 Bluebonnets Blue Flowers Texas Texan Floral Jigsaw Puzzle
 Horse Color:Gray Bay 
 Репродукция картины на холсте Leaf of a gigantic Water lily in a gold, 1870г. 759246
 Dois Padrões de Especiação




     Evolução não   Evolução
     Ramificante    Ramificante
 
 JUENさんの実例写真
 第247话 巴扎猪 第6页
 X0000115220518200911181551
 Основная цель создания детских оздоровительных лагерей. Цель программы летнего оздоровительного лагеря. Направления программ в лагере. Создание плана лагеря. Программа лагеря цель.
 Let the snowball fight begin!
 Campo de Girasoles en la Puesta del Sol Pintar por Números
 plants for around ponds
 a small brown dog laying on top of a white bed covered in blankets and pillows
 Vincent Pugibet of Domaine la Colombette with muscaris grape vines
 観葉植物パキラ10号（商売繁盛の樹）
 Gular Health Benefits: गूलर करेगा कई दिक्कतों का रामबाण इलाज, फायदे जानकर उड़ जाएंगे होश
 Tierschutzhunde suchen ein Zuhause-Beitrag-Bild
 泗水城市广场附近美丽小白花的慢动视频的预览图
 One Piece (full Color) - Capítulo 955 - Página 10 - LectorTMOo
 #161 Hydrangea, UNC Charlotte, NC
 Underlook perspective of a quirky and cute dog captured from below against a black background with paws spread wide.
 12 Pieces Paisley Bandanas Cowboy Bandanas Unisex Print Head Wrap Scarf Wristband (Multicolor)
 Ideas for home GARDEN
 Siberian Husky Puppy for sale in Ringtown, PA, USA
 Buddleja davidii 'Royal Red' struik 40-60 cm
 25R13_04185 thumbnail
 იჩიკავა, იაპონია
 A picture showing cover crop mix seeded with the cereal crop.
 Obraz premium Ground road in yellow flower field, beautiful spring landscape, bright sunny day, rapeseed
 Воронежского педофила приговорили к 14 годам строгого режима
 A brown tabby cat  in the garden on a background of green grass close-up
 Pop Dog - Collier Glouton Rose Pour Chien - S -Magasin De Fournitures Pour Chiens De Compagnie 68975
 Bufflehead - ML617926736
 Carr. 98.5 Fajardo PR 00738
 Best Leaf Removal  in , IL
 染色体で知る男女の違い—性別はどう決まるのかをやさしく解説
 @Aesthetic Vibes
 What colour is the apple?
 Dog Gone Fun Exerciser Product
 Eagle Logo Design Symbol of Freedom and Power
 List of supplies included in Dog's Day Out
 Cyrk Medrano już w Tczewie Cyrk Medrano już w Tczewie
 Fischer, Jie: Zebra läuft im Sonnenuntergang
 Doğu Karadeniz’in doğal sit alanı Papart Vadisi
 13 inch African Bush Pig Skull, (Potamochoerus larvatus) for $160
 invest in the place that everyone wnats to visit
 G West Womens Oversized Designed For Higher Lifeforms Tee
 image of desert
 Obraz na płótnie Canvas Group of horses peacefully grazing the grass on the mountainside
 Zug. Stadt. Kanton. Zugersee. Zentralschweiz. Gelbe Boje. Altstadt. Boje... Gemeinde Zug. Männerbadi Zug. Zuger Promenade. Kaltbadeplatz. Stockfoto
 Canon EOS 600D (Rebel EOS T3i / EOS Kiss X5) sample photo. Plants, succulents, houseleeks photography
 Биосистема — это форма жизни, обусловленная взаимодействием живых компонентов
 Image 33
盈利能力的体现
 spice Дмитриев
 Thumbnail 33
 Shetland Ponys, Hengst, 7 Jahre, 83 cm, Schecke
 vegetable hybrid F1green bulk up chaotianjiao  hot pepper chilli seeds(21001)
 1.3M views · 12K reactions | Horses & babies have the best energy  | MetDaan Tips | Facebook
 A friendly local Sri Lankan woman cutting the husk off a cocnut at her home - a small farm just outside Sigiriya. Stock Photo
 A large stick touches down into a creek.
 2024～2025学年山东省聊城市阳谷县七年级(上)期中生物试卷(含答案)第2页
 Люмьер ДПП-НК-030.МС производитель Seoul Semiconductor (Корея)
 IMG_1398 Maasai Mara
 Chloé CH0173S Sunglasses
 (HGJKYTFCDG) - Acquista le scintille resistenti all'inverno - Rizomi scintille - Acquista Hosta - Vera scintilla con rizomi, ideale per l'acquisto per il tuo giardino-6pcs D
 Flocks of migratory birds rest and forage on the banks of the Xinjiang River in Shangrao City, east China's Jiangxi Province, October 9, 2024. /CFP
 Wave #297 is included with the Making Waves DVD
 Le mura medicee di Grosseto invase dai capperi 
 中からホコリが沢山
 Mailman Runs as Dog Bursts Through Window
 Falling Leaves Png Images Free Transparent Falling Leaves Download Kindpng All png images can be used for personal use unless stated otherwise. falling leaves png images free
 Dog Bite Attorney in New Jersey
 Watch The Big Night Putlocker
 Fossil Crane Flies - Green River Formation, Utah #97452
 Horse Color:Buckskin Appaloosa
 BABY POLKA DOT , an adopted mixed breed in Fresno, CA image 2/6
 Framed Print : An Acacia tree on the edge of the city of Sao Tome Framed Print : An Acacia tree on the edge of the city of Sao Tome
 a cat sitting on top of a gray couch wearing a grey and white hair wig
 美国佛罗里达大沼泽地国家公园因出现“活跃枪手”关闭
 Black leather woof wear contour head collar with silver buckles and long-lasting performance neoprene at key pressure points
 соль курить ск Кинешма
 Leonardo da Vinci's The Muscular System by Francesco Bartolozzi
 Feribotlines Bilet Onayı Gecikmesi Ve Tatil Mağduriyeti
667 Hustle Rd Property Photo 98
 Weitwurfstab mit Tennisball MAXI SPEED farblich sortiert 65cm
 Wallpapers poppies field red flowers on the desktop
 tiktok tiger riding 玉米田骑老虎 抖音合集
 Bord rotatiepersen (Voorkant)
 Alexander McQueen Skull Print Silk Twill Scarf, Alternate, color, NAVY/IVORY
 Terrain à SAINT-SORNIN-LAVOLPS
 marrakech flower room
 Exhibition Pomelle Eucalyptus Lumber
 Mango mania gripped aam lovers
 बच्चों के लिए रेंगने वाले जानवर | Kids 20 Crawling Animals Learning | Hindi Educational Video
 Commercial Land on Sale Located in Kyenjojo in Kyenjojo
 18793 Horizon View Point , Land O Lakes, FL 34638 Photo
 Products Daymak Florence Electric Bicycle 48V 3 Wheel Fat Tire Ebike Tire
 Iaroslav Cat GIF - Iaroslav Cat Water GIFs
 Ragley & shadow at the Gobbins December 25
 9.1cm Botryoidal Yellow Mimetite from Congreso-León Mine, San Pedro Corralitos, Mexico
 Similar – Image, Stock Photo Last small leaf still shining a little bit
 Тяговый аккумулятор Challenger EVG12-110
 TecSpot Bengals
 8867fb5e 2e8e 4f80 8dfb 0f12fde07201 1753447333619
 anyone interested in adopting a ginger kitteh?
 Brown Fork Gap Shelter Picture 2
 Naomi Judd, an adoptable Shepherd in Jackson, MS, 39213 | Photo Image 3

▶ **What you need to do**: Would you quote everything above from the line containing "Cyrk Medrano już w Tczewie Cyrk" down to the line containing "(HGJKYTFCDG) - Acquista"? Include both of those lines and nothing else.

▶ **Reply to the task**:
 Cyrk Medrano już w Tczewie Cyrk Medrano już w Tczewie
 Fischer, Jie: Zebra läuft im Sonnenuntergang
 Doğu Karadeniz’in doğal sit alanı Papart Vadisi
 13 inch African Bush Pig Skull, (Potamochoerus larvatus) for $160
 invest in the place that everyone wnats to visit
 G West Womens Oversized Designed For Higher Lifeforms Tee
 image of desert
 Obraz na płótnie Canvas Group of horses peacefully grazing the grass on the mountainside
 Zug. Stadt. Kanton. Zugersee. Zentralschweiz. Gelbe Boje. Altstadt. Boje... Gemeinde Zug. Männerbadi Zug. Zuger Promenade. Kaltbadeplatz. Stockfoto
 Canon EOS 600D (Rebel EOS T3i / EOS Kiss X5) sample photo. Plants, succulents, houseleeks photography
 Биосистема — это форма жизни, обусловленная взаимодействием живых компонентов
 Image 33
盈利能力的体现
 spice Дмитриев
 Thumbnail 33
 Shetland Ponys, Hengst, 7 Jahre, 83 cm, Schecke
 vegetable hybrid F1green bulk up chaotianjiao  hot pepper chilli seeds(21001)
 1.3M views · 12K reactions | Horses & babies have the best energy  | MetDaan Tips | Facebook
 A friendly local Sri Lankan woman cutting the husk off a cocnut at her home - a small farm just outside Sigiriya. Stock Photo
 A large stick touches down into a creek.
 2024～2025学年山东省聊城市阳谷县七年级(上)期中生物试卷(含答案)第2页
 Люмьер ДПП-НК-030.МС производитель Seoul Semiconductor (Корея)
 IMG_1398 Maasai Mara
 Chloé CH0173S Sunglasses
 (HGJKYTFCDG) - Acquista le scintille resistenti all'inverno - Rizomi scintille - Acquista Hosta - Vera scintilla con rizomi, ideale per l'acquisto per il tuo giardino-6pcs D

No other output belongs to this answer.